A criminalidade é um sistema próprio alimentado por sistemas políticos e econômicos que não geram as condições sociais necessárias para seu próprio sustento, nem asseguram os valores que tornam possível o sucesso de toda a população do país.

A criminalidade toma emprestado a frustração como energia ruim criada pelo fracasso da confiança, fé e da esperança no trabalho, emprego, educação, mobilidade social, distribuição da riqueza e credibilidade das instituições do Estado. E acolhe ou sequestra os restos humanos que a economia incapacitou e estão espalhados por aí.

Um mundo de pessoas cujo destino não foi atenuado nem por políticas sociais de redução das más consequências da economia, nem bem orientado diante de valores da religião, educação e da ética desprovidas de sinceridade.
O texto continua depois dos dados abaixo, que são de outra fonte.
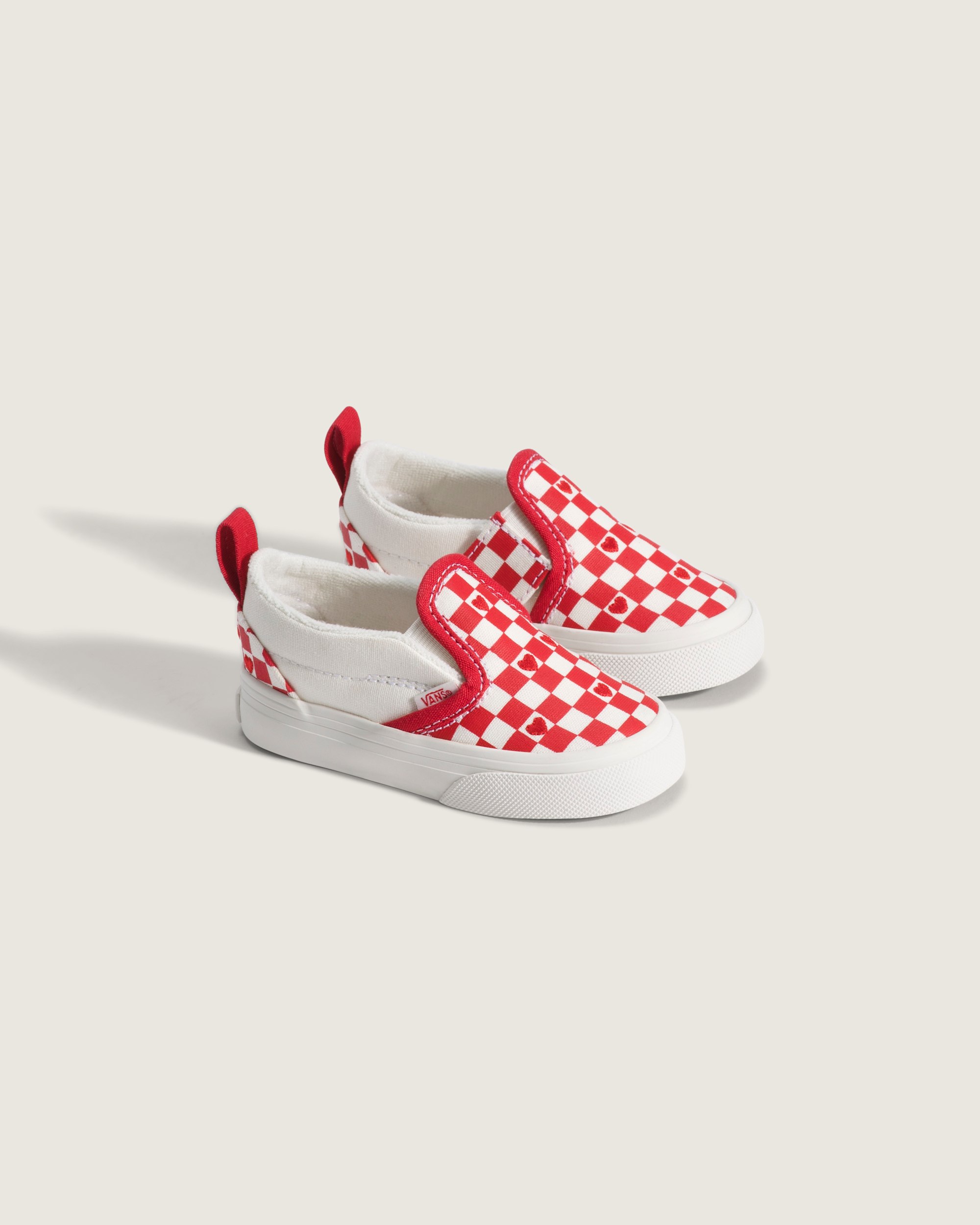 Toddler Classic SlipOn V Checkerboard Shoe VANS Checkerboard Racing Red  True White ALT1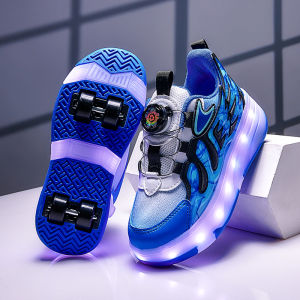 Boys And Girls Flashing Light Roller Skate Shoes Four-Wheel Childrens Inline Skates Sports Shoes for Walking And Roller Blading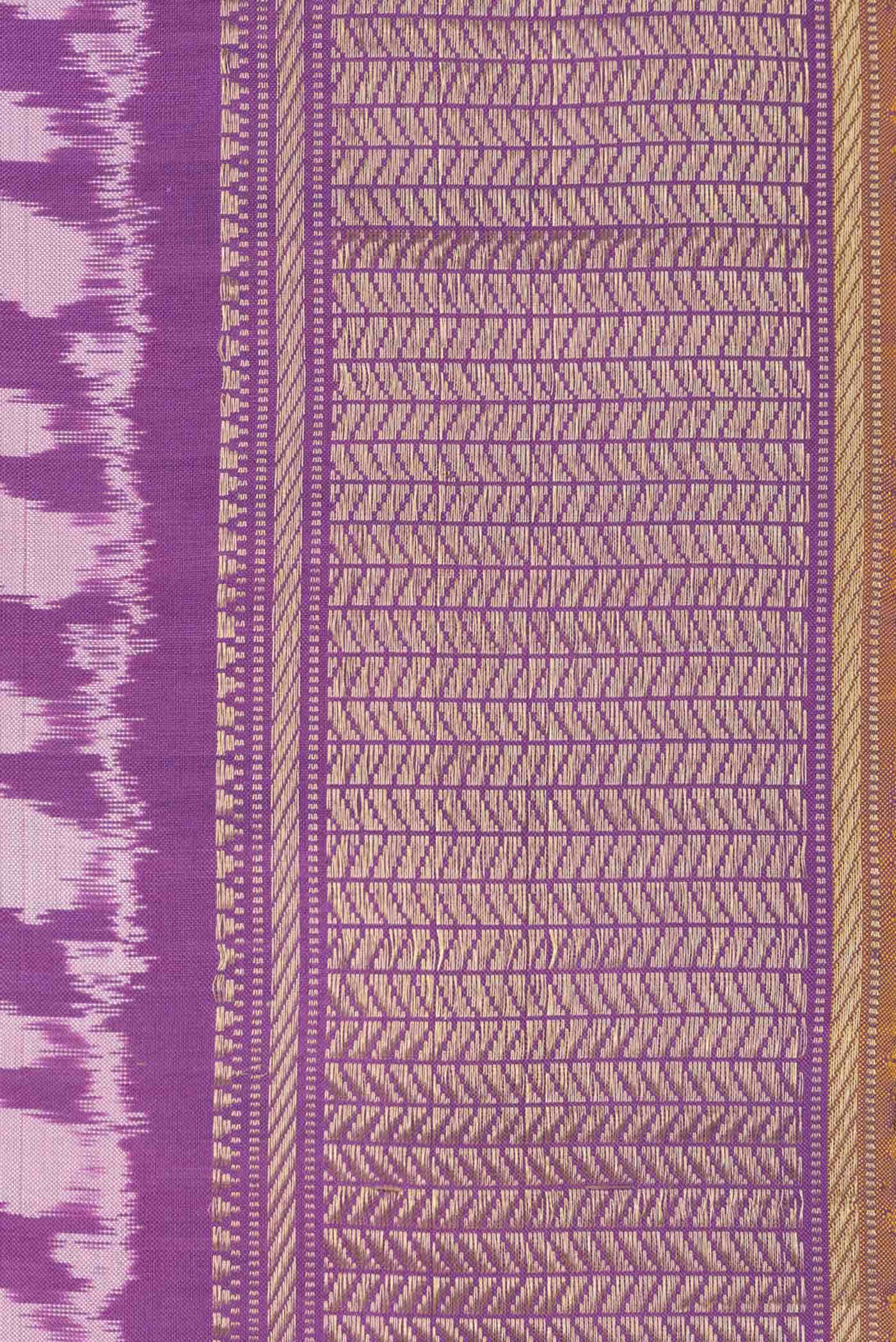Lavender Double Ikat Saree - Image 2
O Estado e a sociedade na América Latina não param para pensar e fingem que não engolem o caos de uma patologia que já se instalou. As redes de comércio ilegal estão cada vez mais fortes e sem controle externo. Na região deixam um rastro de violência, descontrole e degradação por todos os lados, incapazes de vislumbrar a forma de salvar a economia legal dos inimigos que ela gera.

O fato é que vivemos uma era turbulenta e indomável, de fracasso do papel dos intelectuais inovadores, das entidades filantrópicas, das instituições civis. Um tempo que exacerba os problemas que não consegue tratar e que convive com pobres permanentes, incapaz de ajudar a maioria a viver decentemente.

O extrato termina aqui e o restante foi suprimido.